Density function, distribution function, quantile function and random generation for the generalised Pareto (GP) distribution.

Usage

dgp(x, loc = 0, scale = 1, shape = 0, log = FALSE)

pgp(q, loc = 0, scale = 1, shape = 0, lower.tail = TRUE, log.p = FALSE)

qgp(p, loc = 0, scale = 1, shape = 0, lower.tail = TRUE, log.p = FALSE)

rgp(n, loc = 0, scale = 1, shape = 0)

Value

dgp gives the density function, pgp gives the distribution function, qgp gives the quantile function, and rgp generates random deviates.

Arguments

x, q

Numeric vectors of quantiles. All elements of x and q must be non-negative.

loc, scale, shape

Numeric vectors. Location, scale and shape parameters. All elements of scale must be positive.

log, log.p

A logical scalar; if TRUE, probabilities p are given as log(p).

lower.tail

A logical scalar. If TRUE (default), probabilities are \(P[X \leq x]\), otherwise, \(P[X > x]\).

p

A numeric vector of probabilities in [0,1].

n

Numeric scalar. The number of observations to be simulated. If length(n) > 1 then length(n) is taken to be the number required.

Details

The distribution function of a GP distribution with parameters location = \(\mu\), scale = \(\sigma (> 0)\) and shape = \(\xi\) is $$F(x) = 1 - [1 + \xi (x - \mu) / \sigma] ^ {-1/\xi}$$ for \(1 + \xi (x - \mu) / \sigma > 0\). If \(\xi = 0\) the distribution function is defined as the limit as \(\xi\) tends to zero. The support of the distribution depends on \(\xi\): it is \(x \geq \mu\) for \(\xi \geq 0\); and \(\mu \leq x \leq \mu - \sigma / \xi\) for \(\xi < 0\). Note that if \(\xi < -1\) the GP density function becomes infinite as \(x\) approaches \(\mu - \sigma/\xi\).

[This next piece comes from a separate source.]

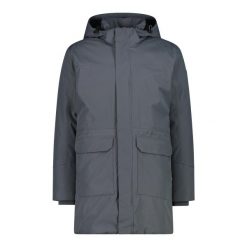 Kurtka parka z kapturem na zamek CMP. Szare parki męskie CMP, bez wzorów, sportowe, bez kołnierzyka, z kapturem. Za 678.30 zł.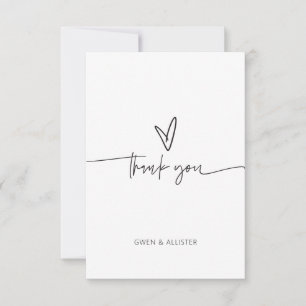 Wedding Thank You Flat Blank Note Cards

If lower.tail = TRUE then if p = 0 (p = 1) then the lower (upper) limit of the distribution is returned. The upper limit is Inf if shape is non-negative. Similarly, but reversed, if lower.tail = FALSE.

See https://en.wikipedia.org/wiki/Generalized_Pareto_distribution for further information.

References

Pickands, J. (1975) Statistical inference using extreme order statistics. Annals of Statistics, 3, 119-131. tools:::Rd_expr_doi("10.1214/aos/1176343003")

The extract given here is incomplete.